Le rideau vaporeux se lève sur l'entrée en solitaire d'un homme au centre d'un gigantesque hémicycle de voilages : Belmonte. Comme égaré, il contemple la lente descente des cintres de ce qui se révèle être le sérail de Selim : une structure ajourée, sorte de volière modulable avec chambre, terrasse, prison… On comprend vite qu'il s'agit d'une cage dorée. Tout est d'or mais tout reste cage, les arbres (dorés au pulvérisateur par le jardinier Osmin) comme le mobilier posé alentour sur le plateau, dans cette scénographie dont l'élégance et le luxe du jeu d'orgues sont impuissants à masquer la désolante signifiance.
Bien dirigés (la chorégraphie sur les terribles paroles de décapitation d'Osmin), habillés de seyants costumes d'époque, magnifiés par le très beau jeu d'orgues de Michel Theuil, figurants et chanteurs n'ont aucune peine à habiter ce cadre métaphorique. Les dialogues parlés, légèrement modifiés, énoncés en français, facilitent le propos. Ambitus irréprochable et regard perçant, l'Osmin de Sulkhan Jaiani n'en mène pas large devant l'abattage ahurissant de la Blonde de Marie-Eve Munger, aussi à l'aise lorsqu'il s'agit d'éteindre le feu du masculinisme de ses aigus tétanisants, que lorsqu'il s'agit de pétrir une vraie pâte à tarte environnée d'une armada de vaisselle géante. Son Pedrillo s'appelle Kaëlig Boché : très justement fêté comme sa partenaire aux saluts, ce qui ne sera que justice, le jeune ténor impressionne autant avec sa finesse vocale qu'avec son aisance scénique (mention à l'inédit échange de vêtements avec Blonde destiné à flouer Osmin).

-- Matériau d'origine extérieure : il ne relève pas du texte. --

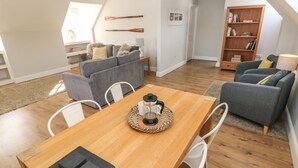 A modern living space with a wooden dining table, grey sofas, and a bookshelf. - North Beach at The Hideaway (Tenby)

Ruth Iniesta semble tout d'abord mal distribuée en Konstanze tant son Ach ich liebte pâtit d'aigus semblant venir d'une autre vocalité, la sienne trouvant heureusement davantage à s'épanouir dans Traurigkeit, et même dans un Martern aller Arten d'assez belle tenue. À l'inverse, Benoît-Joseph Meier fait d'abord naître les plus vifs espoirs avec un O wie ängstlich, o wie feurig d'une délicatesse toute chambriste, avant de s'avérer quelque peu sous-dimensionné pour Wenn der Freude Tränen fliessen et plus encore Ich baue ganz auf deine Stärke. La voix reste néanmoins très attachante. Le rôle parlé du Pacha est tout sauf accessoire : le comédien Denis Baronnet y apparaît un brin scolaire et peu saillant d'allure mais il est vrai que Mast le corsète quelque peu sous une épaisse robe de chambre et un costume trois pièces. Le plus grand motif de déception vient cependant du manque de personnalité et de couleurs de la direction de Giuseppe Grazioli : privé de partis pris, d'arêtes, d'occasion de faire valoir ses qualités intrinsèques, l'Orchestre Saint-Étienne Loire donne l'impression de n'être pas aussi à l'aise avec Mozart qu'avec le grand romantisme.
La fin boucle la boucle : au terme d'un très poétique envol d'une constellation de cages de toutes sortes, on retrouve Selim plongé dans ses souvenirs entre phonographe et montre à gousset, cadeau de Konstanze. C'est un Selim qui a évolué. Dans une Turquie qui a fait de même : la laïcité y fut adoptée en 1924, le droit de vote aux femmes suivra en 1934. Il sera très intéressant de voir comment L'Enlèvement au sérail, dans son périple à travers les siècles, sera tenté de relire en 2125 la Turquie de 2025.